▶ [Your instructions]: Output nothing except the lines from the one containing "Tortue sous-marine par" through the final line of the data, both included, typed exactly, minus the pictures.

▶ [The data]:

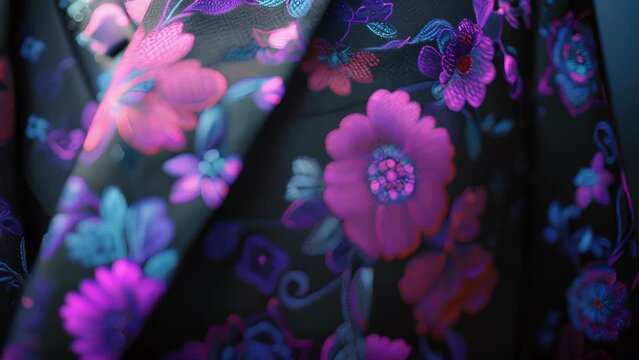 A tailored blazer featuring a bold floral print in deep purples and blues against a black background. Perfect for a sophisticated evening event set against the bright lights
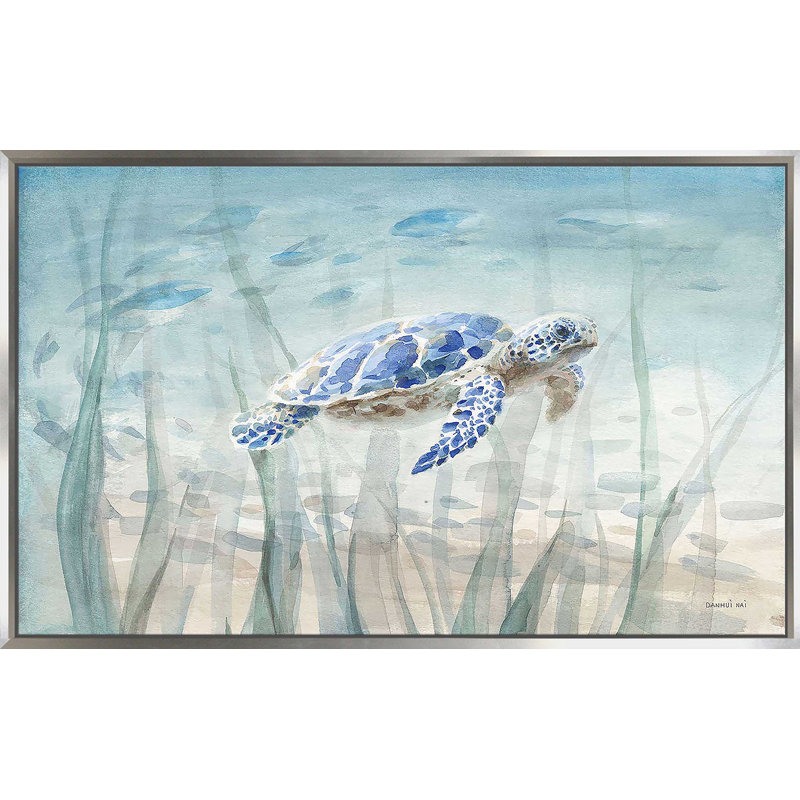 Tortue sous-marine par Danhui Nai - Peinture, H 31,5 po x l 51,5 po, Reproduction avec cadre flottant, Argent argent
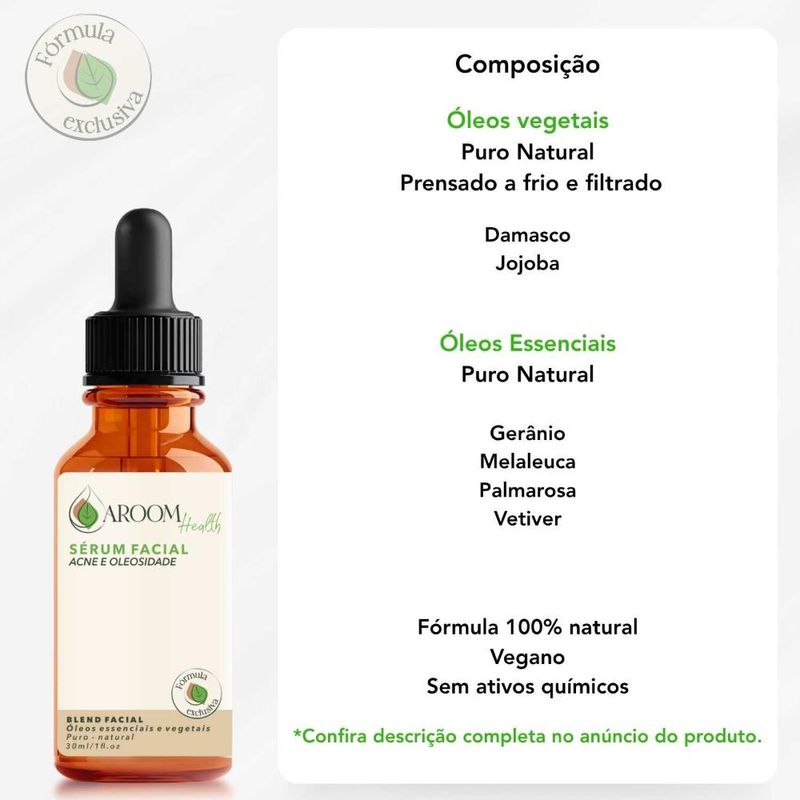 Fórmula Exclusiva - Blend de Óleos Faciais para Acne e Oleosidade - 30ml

▶ [Answer below]:
 Tortue sous-marine par Danhui Nai - Peinture, H 31,5 po x l 51,5 po, Reproduction avec cadre flottant, Argent argent
 Fórmula Exclusiva - Blend de Óleos Faciais para Acne e Oleosidade - 30ml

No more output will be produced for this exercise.